Could you copy exactly the lines below from the one with "Nine blue light empty book template" to the one with "Portrait Of A", inclusive, leaving out any pictures?

- **Material for the task**:
***
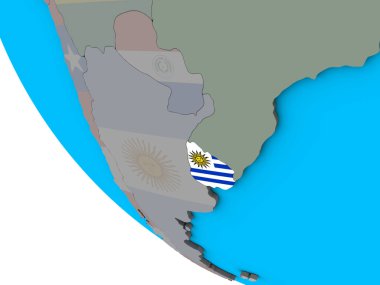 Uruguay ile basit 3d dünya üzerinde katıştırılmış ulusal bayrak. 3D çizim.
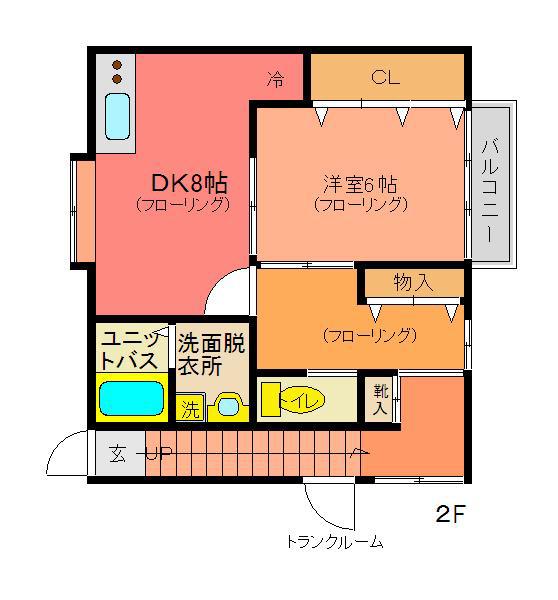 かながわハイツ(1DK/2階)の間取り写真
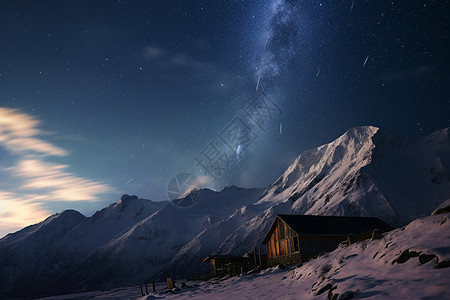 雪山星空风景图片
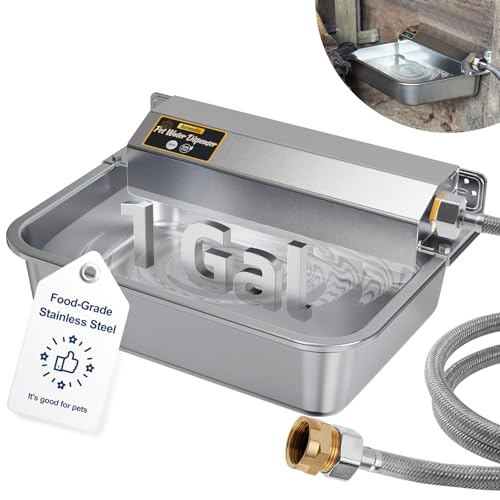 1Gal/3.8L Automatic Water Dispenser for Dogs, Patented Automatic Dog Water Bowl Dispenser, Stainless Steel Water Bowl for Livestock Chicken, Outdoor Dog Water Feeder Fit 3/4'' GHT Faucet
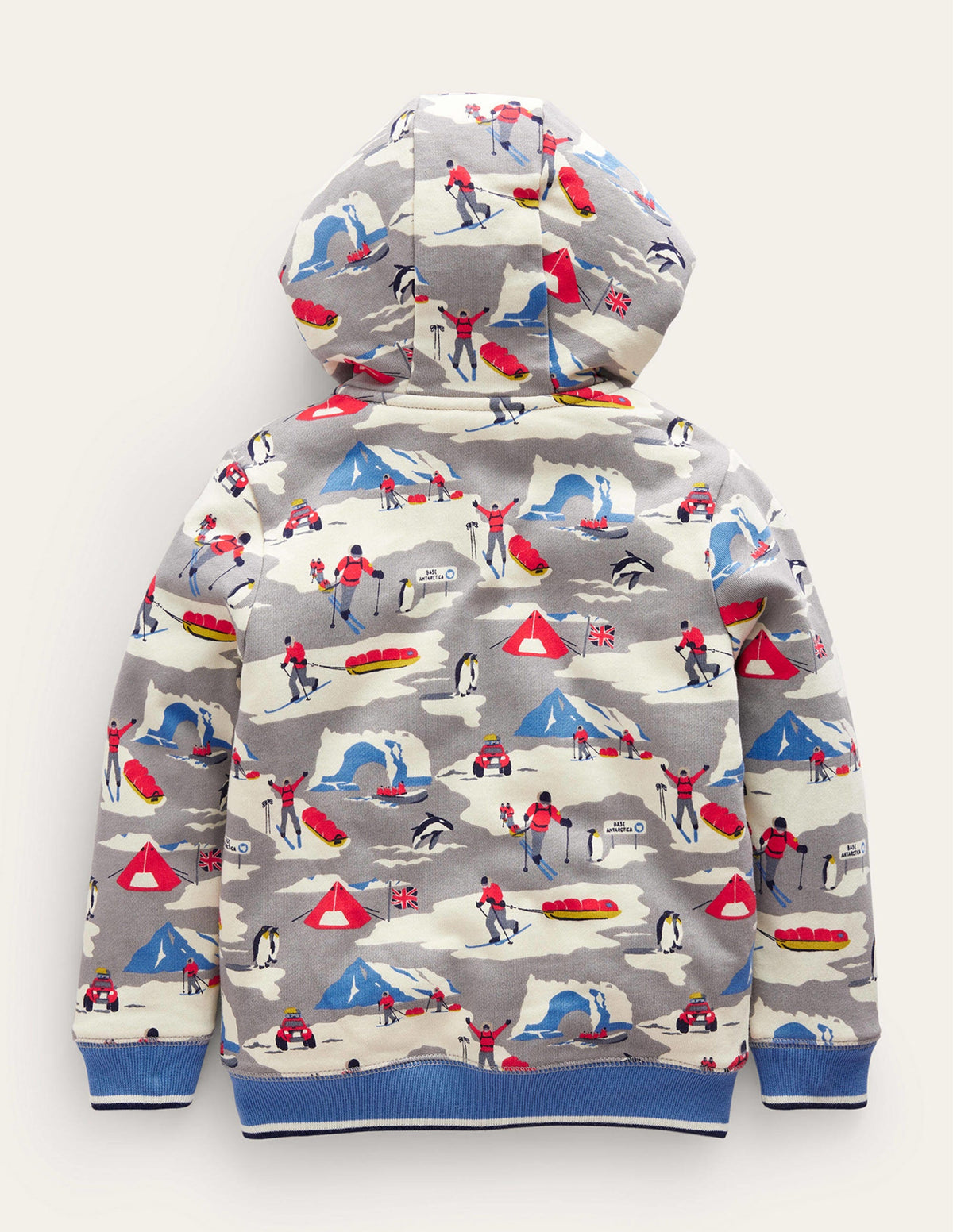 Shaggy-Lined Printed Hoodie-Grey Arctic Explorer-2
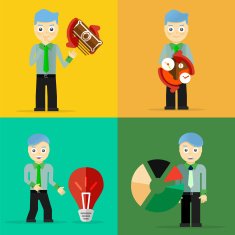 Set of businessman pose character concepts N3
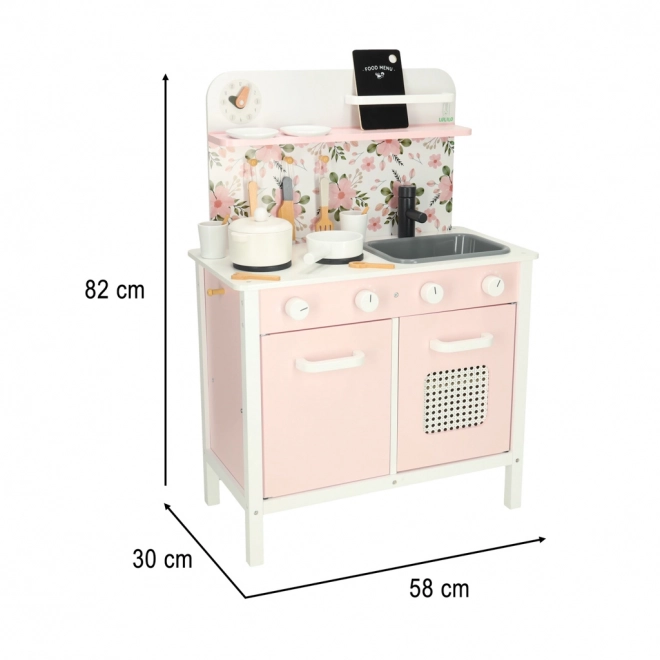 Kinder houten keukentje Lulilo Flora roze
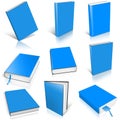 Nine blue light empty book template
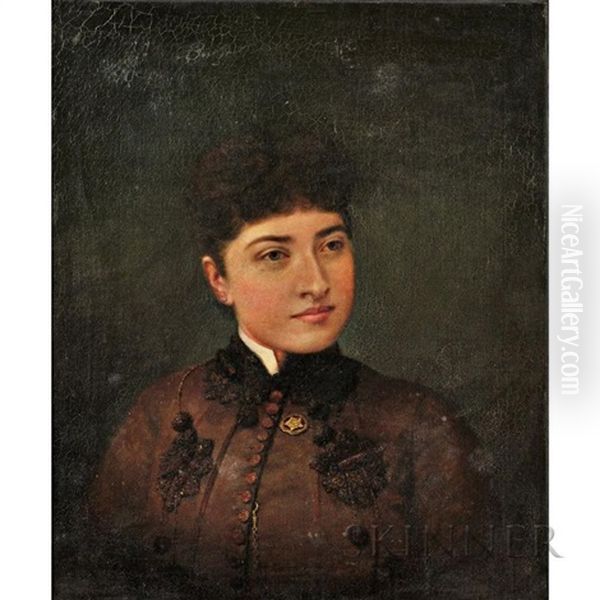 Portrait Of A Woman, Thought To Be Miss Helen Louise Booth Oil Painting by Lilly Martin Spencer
***
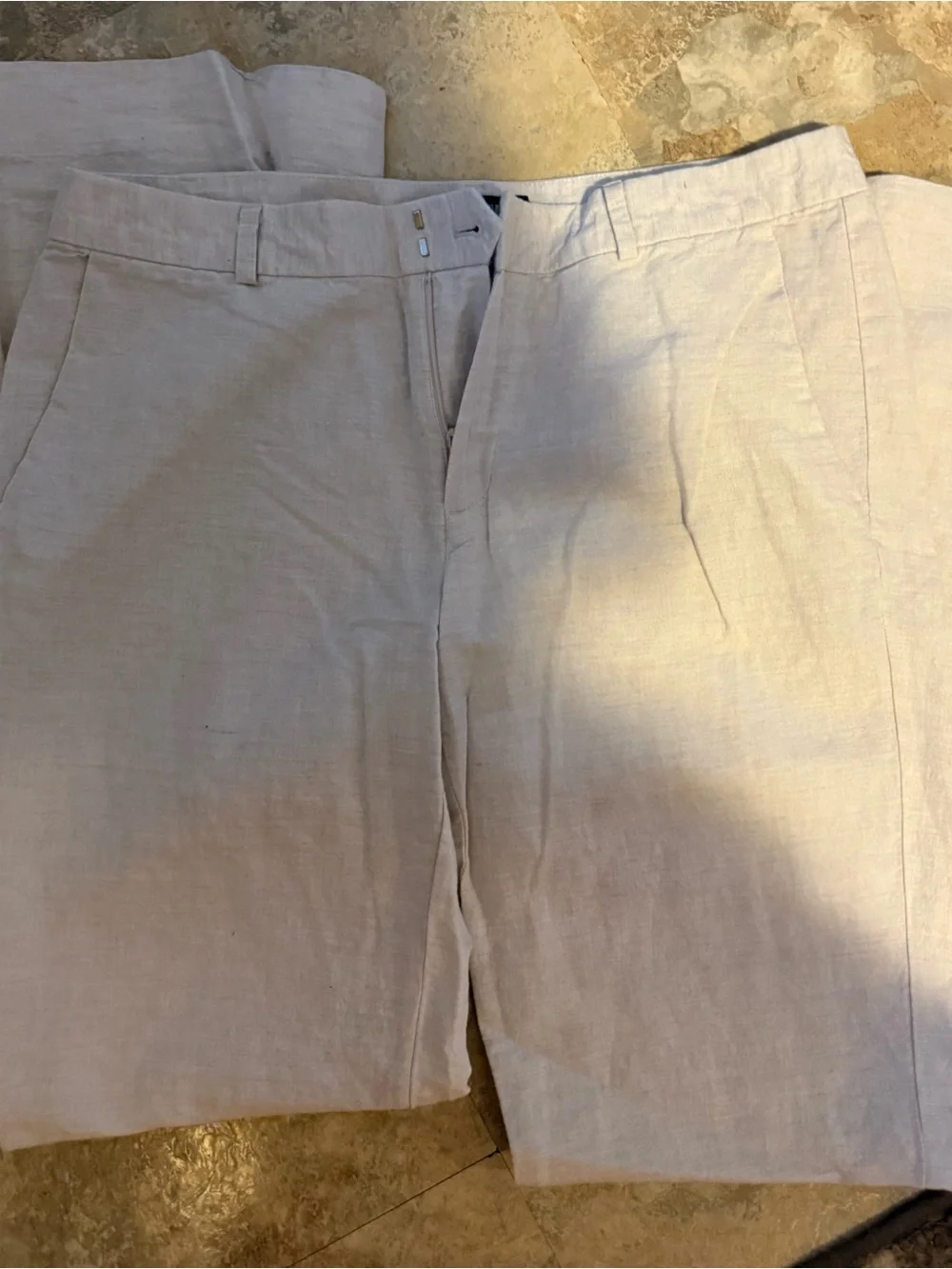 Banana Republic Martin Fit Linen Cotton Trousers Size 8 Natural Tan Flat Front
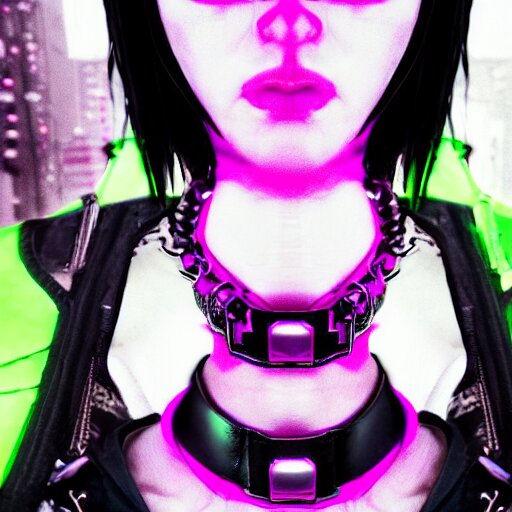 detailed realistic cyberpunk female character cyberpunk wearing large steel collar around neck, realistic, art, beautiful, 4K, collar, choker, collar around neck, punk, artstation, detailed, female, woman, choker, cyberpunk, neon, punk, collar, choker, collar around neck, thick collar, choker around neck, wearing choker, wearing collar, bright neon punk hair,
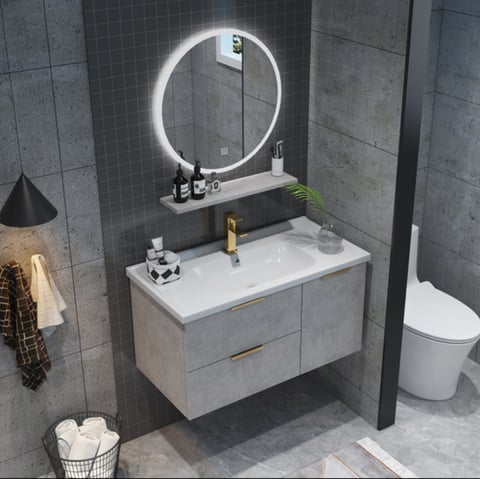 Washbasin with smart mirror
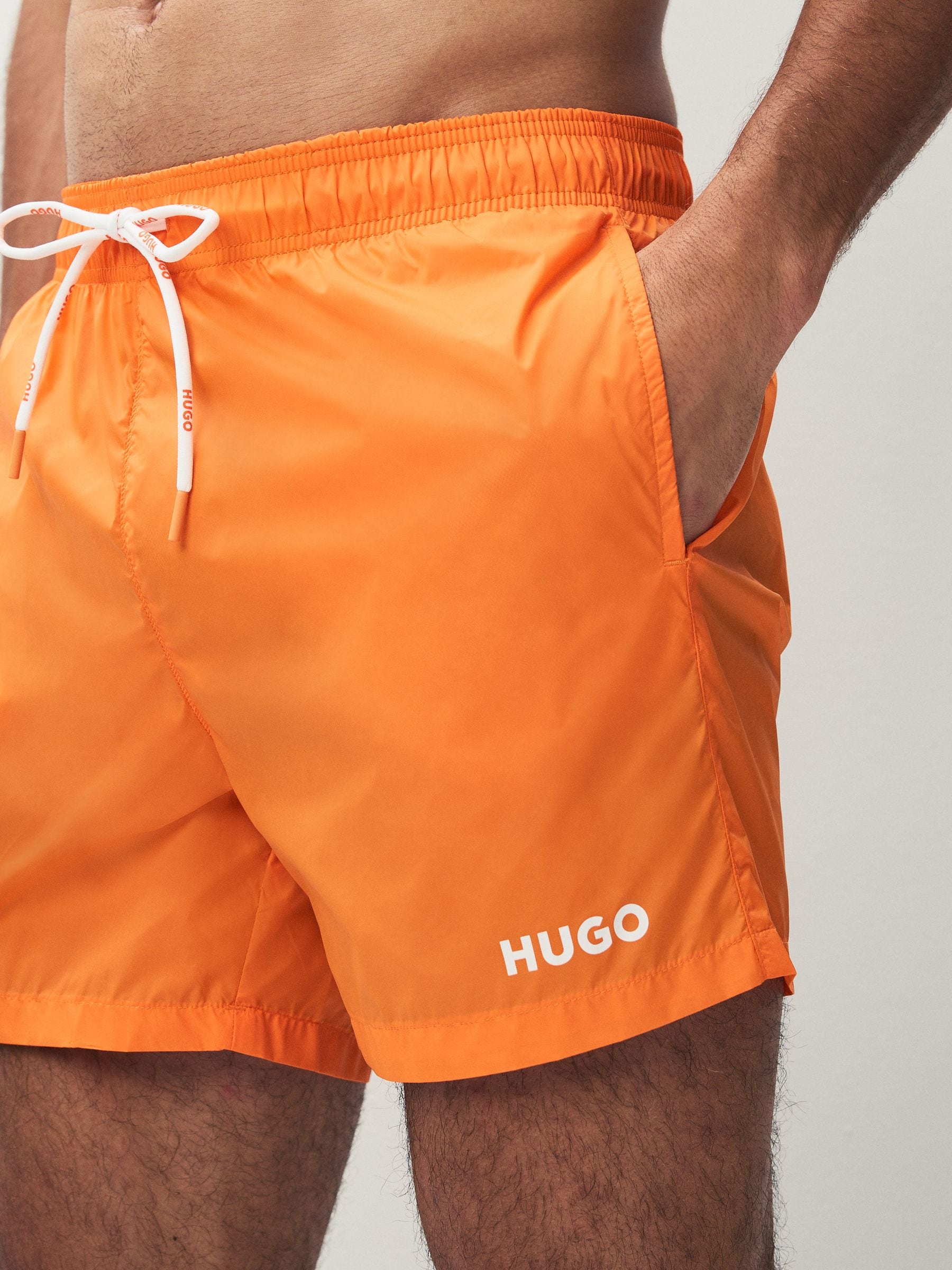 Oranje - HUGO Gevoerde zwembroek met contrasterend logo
***
- **Exercise answer**:
 Nine blue light empty book template
 Portrait Of A Woman, Thought To Be Miss Helen Louise Booth Oil Painting by Lilly Martin Spencer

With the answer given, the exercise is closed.